Too much love can kill you, sang Freddie Mercury. So can bad statistics…

Freddie Mercury sang “too much love will kill you”. That might be true, but as an accountant, I’ve got to say that love isn’t usually on anybody’s mind when they come to see me.

So I’m not qualified in the love department, but I do have stronger views on how businesses can end up doing crazy things just because people don’t understand basic statistics.

Now, I know what you’re thinking… “it’s easy for you, you play around with numbers every day so you’re used to them”. But I always struggled with statistics while doing my accounting exams, until, mercifully, something “clicked” shortly before my statistics exam and I managed to pass.

The problem I had with statistics was that, like most people, I was taught statistics as a series of techniques – how to do such-and-such a calculation – without being taught the broader concepts and underlying principles which made a particular technique work.

It wasn’t until I realised that the trick to making statistics easy was to do the thinking bit first, and only after sorting that out, getting your calculator out to crunch the numbers.

Don’t get me wrong, there are still some complications in getting the correct answer, but the way statistics is usually taught, emphasising techniques over thinking, accounts for many people struggling to understand what it’s all about.
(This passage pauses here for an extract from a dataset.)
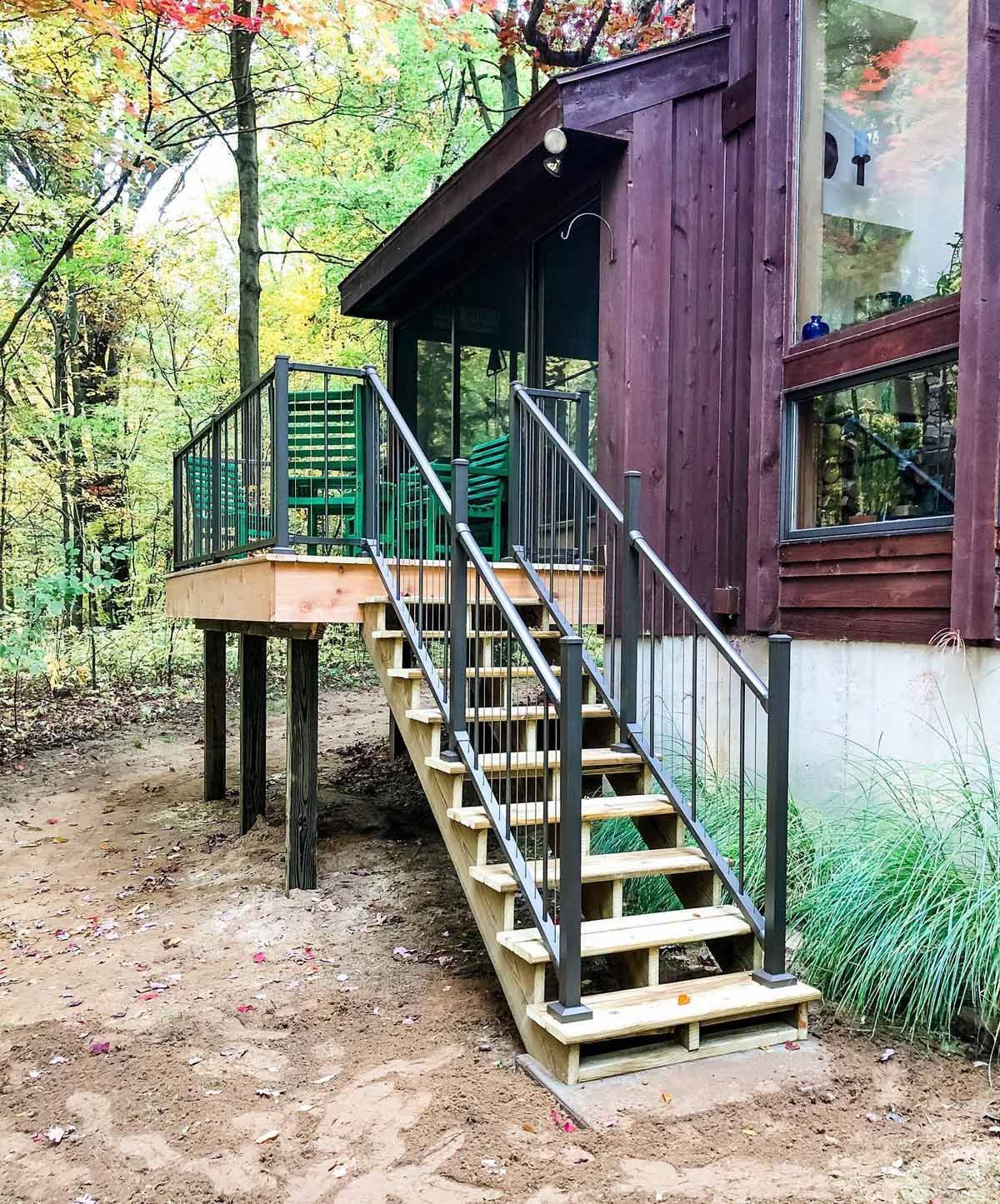 Wooden deck and stairs with black railings leading to a cabin in a wooded area.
In just the last couple of weeks I’ve come across these three examples which hopefully illustrate the point.

“Consistently high quality”

A recent article on tes.com suggesting that leadership teams in further education colleges were consistently better than leadership teams in schools caught my eye at the weekend.

I’ve worked extensively with schools, colleges and universities and encountered lots of leadership teams across the education sector. And while it;s almost certainly is true that a good leadership team in a college is better than an average leadership team in a school, this isn’t comparing like with like.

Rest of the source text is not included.